# Caulk cure time + window + rain = ?



## italo (Nov 21, 2015)

Little question about cure times and rain, as I cannot find anything anywhere so I thought I'd ask members here. I've resealed the upper wood in my exterior windows with DAP 230 Clear caulk, not realized it takes 7-14 DAYS(??) to cure. (How in the world does someone keep rain of for that long??) So my question is that it's going to rain, so how much will it affect my caulk job on that window? Whats the damage going to be? Probably I'll get an even 24 hours before it rains. Just chcked and it is about half white, half clear at this point, after say 7 hours. Thanks.


----------



## ChuckF. (Aug 25, 2013)

You don't have to wait 7-14 days before it can withstand rain, that's the time for it to fully cure all the way into a thick bead. For rain resistance you only need for it to be skinned over enough to be waterproof. Look for the spec on how long before it can be painted over, that's more like the number you need.


----------



## italo (Nov 21, 2015)

Thank you for your response. Well it says that you can paint over it when it turns clear, but then it also says it turns clear in 7-14 days. Hence my confusion. The colored ones say you can paint them in 2-4 hrs. What the heck is the slow up with the clear? I do not understand.


----------



## mark sr (Jun 13, 2017)

A lot depends on how wide/thick the bead of caulk is. Clear latex caulk can revert back to milky when it gets wet but will go back clear when it dries. I rarely paint over clear caulk because of the time factor, too soon and the paint is apt to crawl a little.

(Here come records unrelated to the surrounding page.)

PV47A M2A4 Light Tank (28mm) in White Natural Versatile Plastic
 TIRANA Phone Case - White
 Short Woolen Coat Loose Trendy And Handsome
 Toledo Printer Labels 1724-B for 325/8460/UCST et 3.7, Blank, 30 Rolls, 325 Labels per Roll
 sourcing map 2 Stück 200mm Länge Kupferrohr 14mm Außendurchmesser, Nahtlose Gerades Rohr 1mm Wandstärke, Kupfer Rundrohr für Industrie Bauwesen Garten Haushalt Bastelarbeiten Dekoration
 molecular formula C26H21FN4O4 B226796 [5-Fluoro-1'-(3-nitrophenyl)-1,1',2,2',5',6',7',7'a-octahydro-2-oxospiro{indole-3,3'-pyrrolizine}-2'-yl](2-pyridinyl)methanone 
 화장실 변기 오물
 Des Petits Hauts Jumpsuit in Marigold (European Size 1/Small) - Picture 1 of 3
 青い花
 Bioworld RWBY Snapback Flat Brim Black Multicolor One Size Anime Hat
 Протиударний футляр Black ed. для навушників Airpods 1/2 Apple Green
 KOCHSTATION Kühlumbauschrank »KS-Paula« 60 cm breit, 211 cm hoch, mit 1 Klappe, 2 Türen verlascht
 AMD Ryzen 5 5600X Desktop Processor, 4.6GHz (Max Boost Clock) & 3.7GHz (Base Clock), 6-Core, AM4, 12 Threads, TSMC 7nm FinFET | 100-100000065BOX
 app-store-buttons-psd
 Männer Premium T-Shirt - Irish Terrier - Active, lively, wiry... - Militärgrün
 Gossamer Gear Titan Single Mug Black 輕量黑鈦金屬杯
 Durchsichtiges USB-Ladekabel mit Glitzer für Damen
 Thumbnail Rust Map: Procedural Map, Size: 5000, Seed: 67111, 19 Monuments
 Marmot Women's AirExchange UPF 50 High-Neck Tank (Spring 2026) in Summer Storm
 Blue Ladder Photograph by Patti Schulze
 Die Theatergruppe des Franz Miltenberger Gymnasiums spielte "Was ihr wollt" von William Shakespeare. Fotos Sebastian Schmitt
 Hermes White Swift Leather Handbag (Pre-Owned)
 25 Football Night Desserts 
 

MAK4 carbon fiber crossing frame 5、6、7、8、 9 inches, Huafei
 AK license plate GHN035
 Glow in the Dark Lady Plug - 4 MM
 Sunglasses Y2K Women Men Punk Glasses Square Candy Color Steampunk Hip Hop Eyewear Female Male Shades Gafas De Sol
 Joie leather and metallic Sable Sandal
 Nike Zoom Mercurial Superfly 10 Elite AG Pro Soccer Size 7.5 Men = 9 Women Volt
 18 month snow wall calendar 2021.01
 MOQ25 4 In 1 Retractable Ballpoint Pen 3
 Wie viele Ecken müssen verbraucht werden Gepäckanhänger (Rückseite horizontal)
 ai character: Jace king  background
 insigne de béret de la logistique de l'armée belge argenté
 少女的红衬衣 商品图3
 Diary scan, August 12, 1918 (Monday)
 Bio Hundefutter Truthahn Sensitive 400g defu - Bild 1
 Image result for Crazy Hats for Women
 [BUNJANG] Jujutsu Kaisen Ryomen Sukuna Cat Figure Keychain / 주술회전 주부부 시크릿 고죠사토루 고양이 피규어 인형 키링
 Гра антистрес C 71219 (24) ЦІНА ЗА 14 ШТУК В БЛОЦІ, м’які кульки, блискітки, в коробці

Caulking can withstand a little rain shortly after being applied, it's the hard down pours that will negatively affect fresh caulk.


----------



## chandler48 (Jun 5, 2017)

I would also recommend using OSI Quad Max for exterior caulking/sealing. It is not latex, and requires mineral spirits clean up, but will be paintable in 2 hours and cures in 24 hours. It stretches to 5x and is proven weather, sun, cold resistant.


----------



## Colbyt (Jan 27, 2014)

italo said:


> Thank you for your response. Well it says that you can paint over it when it turns clear, but then it also says it turns clear in 7-14 days. Hence my confusion. The colored ones say you can paint them in 2-4 hrs. What the heck is the slow up with the clear? I do not understand.



I have never seen it take more than a few days in warm weather months.

It is mostly rain proof after an hour on a warm day.


----------